● SUPPLIED MATERIAL:
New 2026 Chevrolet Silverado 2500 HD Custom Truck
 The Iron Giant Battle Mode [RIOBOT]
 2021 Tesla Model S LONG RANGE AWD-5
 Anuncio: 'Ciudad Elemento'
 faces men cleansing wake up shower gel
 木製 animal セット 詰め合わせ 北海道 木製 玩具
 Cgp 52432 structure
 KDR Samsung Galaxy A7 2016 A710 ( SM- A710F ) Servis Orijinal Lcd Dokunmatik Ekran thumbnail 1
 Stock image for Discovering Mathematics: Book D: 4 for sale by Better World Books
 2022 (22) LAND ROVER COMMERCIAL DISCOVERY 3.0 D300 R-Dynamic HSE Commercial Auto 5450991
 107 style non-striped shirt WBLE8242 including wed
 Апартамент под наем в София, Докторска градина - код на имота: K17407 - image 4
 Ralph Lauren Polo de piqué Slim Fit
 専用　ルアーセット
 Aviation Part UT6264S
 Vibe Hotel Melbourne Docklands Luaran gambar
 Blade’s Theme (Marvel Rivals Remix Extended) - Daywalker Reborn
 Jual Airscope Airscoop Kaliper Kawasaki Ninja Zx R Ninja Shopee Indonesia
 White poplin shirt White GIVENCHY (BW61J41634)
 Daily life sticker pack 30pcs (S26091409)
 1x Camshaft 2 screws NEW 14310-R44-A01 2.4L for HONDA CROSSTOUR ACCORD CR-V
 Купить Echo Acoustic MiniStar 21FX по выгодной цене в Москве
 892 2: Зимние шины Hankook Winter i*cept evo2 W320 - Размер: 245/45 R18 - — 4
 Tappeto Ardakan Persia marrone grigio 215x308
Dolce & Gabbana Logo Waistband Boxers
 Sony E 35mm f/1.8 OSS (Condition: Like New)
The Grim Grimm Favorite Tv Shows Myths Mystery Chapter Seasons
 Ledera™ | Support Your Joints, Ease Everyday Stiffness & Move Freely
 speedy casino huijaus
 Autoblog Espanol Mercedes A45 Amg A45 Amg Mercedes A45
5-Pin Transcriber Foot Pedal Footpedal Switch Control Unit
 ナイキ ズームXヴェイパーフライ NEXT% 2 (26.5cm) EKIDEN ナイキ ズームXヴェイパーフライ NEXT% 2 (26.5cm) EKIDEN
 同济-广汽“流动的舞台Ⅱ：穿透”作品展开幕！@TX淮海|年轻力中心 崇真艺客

● ACTIVITY: Write out the lines above exactly, but only from the one containing "ナイキ ズームXヴェイパーフライ NEXT% 2 (26.5cm) EKIDEN ナイキ" through the last one.

● ANSWER TO THIS PROBLEM:
 ナイキ ズームXヴェイパーフライ NEXT% 2 (26.5cm) EKIDEN ナイキ ズームXヴェイパーフライ NEXT% 2 (26.5cm) EKIDEN
 同济-广汽“流动的舞台Ⅱ：穿透”作品展开幕！@TX淮海|年轻力中心 崇真艺客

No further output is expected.